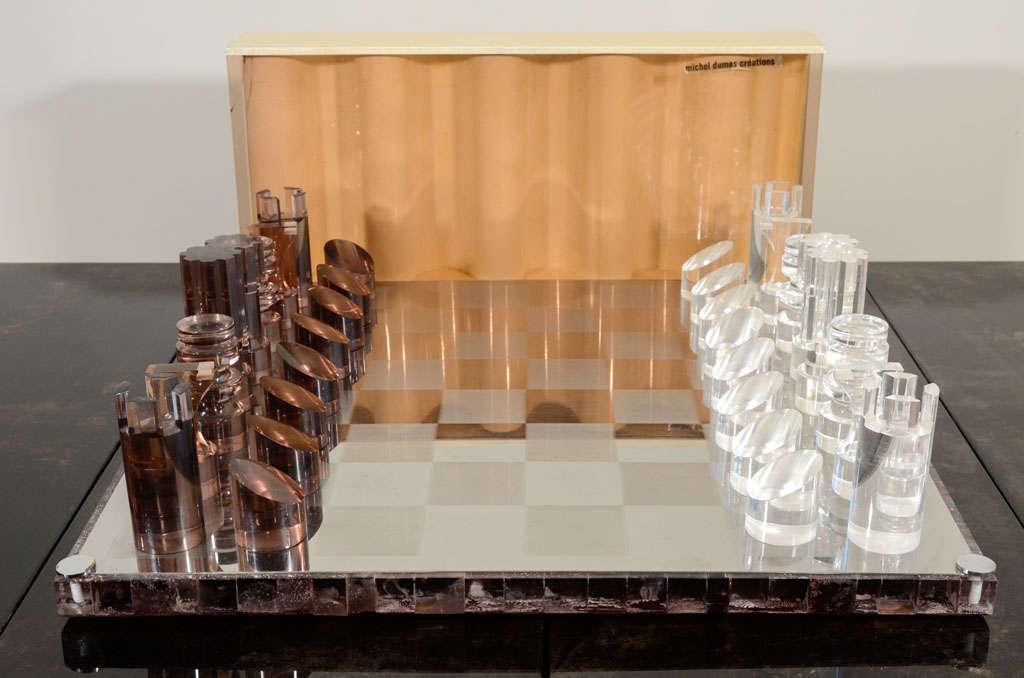 A Michel Dumas Stainless Steel and Lucite Chess Set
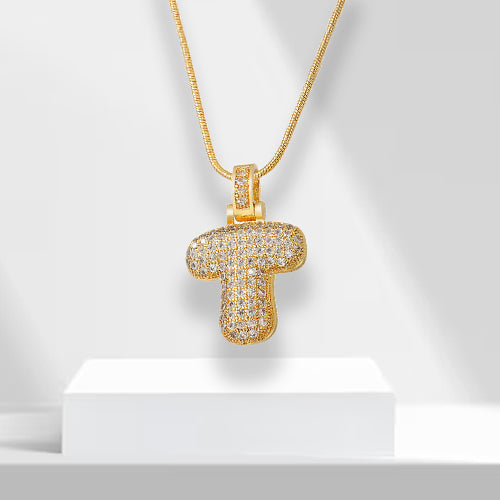 Women's gold plated initial 'J' bubble letter necklace, a glamorous and trendy fashion accessory.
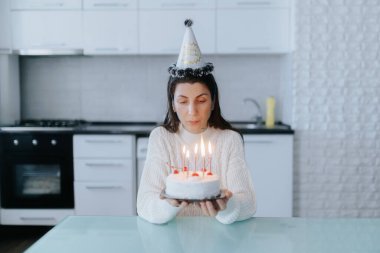 Rahat bir kazak giymiş düşünceli bir kadın doğum gününü yalnız kutluyor. Modern mutfağında mum ışığında bir pasta, sessiz bir yalnızlık ve yansıma sahnesi..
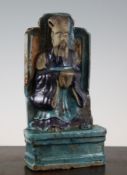 A Chinese Fahua-decorated seated figure of an emperor, Ming dynasty, on a moulded plinth, label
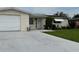 Charming home with a well-manicured front yard, clean driveway, and inviting entryway, creating great curb appeal at 1542 Derrick St, Holiday, FL 34690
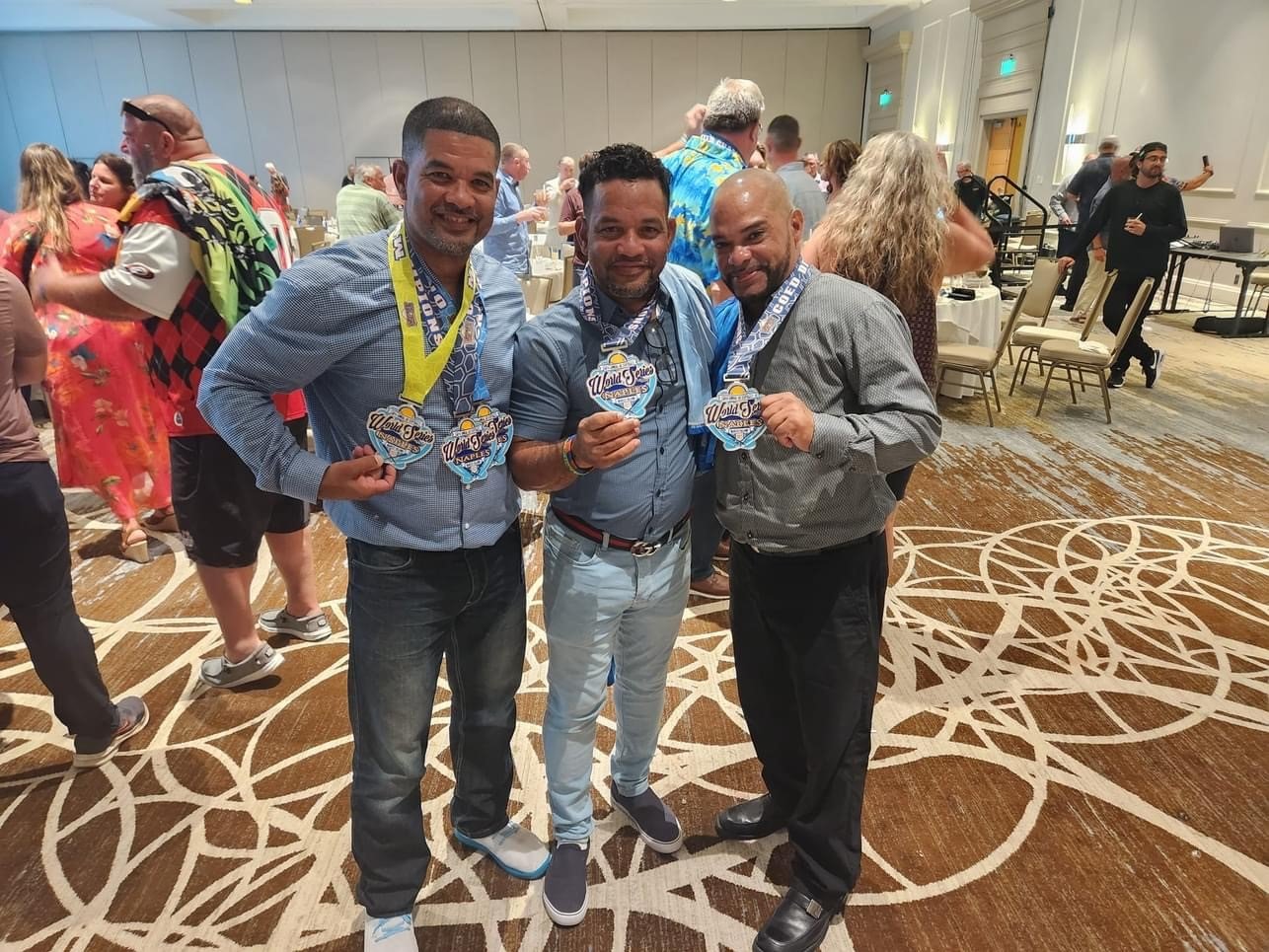 Cocktails - Los - Victor, Odalis, Eli Serrano at banquet wearing medals.jpg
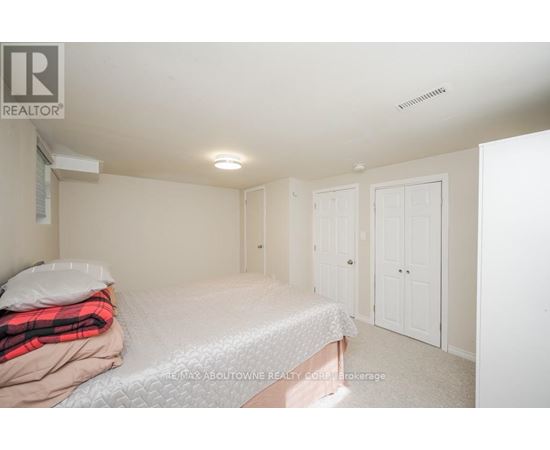A bedroom with a bed, pillow, blanket, and two doors.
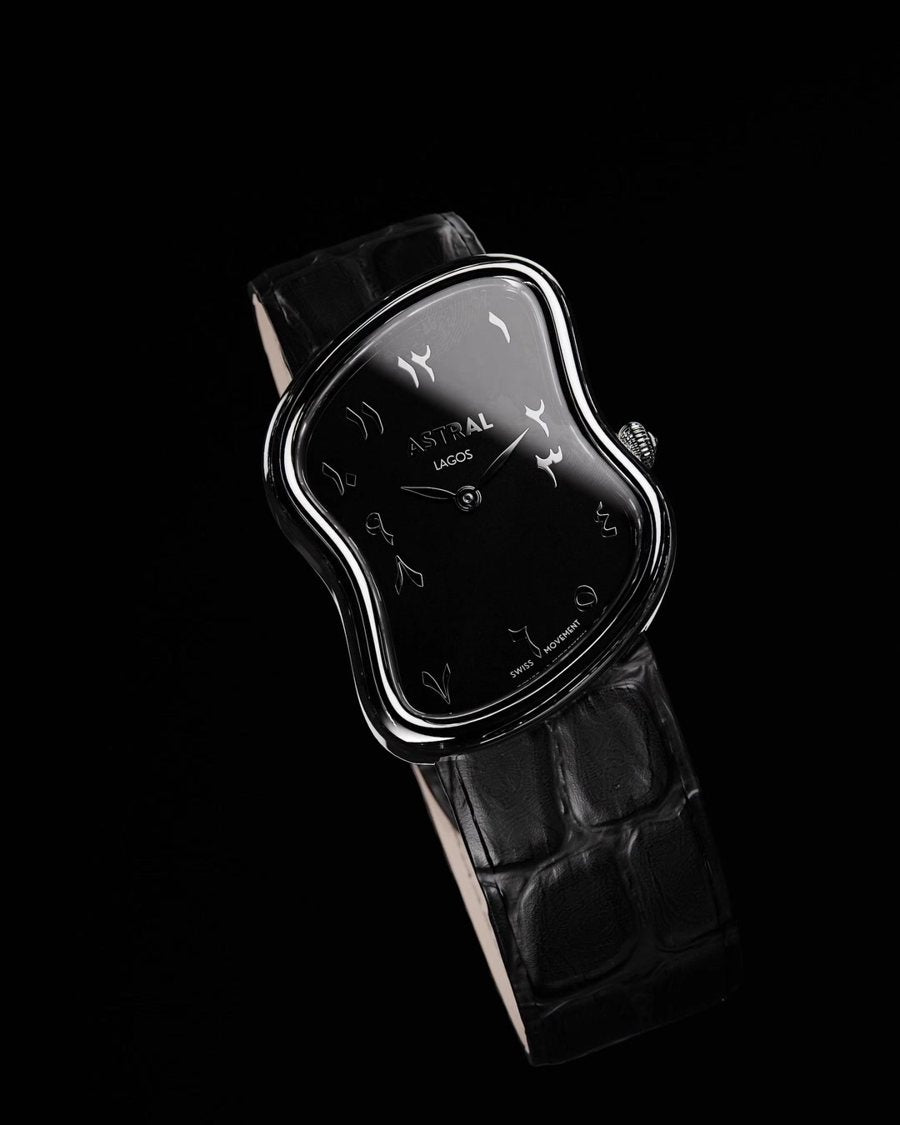 Astral Retro in silver with a black dial and black croc strap, floating against darkness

################

TASK ITEM
Everything in the records above is to be copied exactly, except the pictures.

RESPONSE BOX
 A Michel Dumas Stainless Steel and Lucite Chess Set
 Women's gold plated initial 'J' bubble letter necklace, a glamorous and trendy fashion accessory.
 Rahat bir kazak giymiş düşünceli bir kadın doğum gününü yalnız kutluyor. Modern mutfağında mum ışığında bir pasta, sessiz bir yalnızlık ve yansıma sahnesi..
 A Chinese Fahua-decorated seated figure of an emperor, Ming dynasty, on a moulded plinth, label
 Charming home with a well-manicured front yard, clean driveway, and inviting entryway, creating great curb appeal at 1542 Derrick St, Holiday, FL 34690
 Cocktails - Los - Victor, Odalis, Eli Serrano at banquet wearing medals.jpg
A bedroom with a bed, pillow, blanket, and two doors.
 Astral Retro in silver with a black dial and black croc strap, floating against darkness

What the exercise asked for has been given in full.